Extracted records
===============

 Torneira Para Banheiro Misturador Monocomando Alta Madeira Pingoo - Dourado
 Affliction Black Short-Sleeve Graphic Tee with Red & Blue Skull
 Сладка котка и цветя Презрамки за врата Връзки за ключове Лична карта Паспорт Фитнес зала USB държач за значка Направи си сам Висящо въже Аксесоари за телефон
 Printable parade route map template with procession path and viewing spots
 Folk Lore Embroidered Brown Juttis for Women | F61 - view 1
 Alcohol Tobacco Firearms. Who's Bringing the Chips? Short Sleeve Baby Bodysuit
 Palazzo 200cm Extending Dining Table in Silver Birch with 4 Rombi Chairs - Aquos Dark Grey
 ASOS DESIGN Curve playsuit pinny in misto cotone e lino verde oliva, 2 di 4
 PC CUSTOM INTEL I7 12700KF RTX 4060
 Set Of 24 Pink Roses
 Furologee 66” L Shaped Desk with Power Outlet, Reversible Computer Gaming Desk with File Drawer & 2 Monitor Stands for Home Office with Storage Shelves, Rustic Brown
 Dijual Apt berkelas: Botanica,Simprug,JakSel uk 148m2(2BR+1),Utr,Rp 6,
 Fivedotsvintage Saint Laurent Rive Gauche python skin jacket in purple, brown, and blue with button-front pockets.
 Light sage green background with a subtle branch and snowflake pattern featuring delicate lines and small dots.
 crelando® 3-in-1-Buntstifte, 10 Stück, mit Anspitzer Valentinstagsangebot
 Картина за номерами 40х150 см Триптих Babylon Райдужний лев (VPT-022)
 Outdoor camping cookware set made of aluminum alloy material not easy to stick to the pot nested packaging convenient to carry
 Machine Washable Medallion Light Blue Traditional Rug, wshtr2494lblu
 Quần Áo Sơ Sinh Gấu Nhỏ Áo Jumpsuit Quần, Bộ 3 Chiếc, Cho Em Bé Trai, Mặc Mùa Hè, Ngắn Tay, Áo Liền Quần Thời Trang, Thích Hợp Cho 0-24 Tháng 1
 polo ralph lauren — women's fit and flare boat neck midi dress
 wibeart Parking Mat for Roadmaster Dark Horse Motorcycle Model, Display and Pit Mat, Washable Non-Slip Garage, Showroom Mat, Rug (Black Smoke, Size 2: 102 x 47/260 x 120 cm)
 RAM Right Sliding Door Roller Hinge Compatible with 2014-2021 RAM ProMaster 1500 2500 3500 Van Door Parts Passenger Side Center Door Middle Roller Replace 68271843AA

===============

- **What to work on**: Copy out, exactly and alone, the lines of the entries above between the ones holding "Картина за номерами" and "wibeart Parking Mat", inclusive.

- **Result of the exercise**:
 Картина за номерами 40х150 см Триптих Babylon Райдужний лев (VPT-022)
 Outdoor camping cookware set made of aluminum alloy material not easy to stick to the pot nested packaging convenient to carry
 Machine Washable Medallion Light Blue Traditional Rug, wshtr2494lblu
 Quần Áo Sơ Sinh Gấu Nhỏ Áo Jumpsuit Quần, Bộ 3 Chiếc, Cho Em Bé Trai, Mặc Mùa Hè, Ngắn Tay, Áo Liền Quần Thời Trang, Thích Hợp Cho 0-24 Tháng 1
 polo ralph lauren — women's fit and flare boat neck midi dress
 wibeart Parking Mat for Roadmaster Dark Horse Motorcycle Model, Display and Pit Mat, Washable Non-Slip Garage, Showroom Mat, Rug (Black Smoke, Size 2: 102 x 47/260 x 120 cm)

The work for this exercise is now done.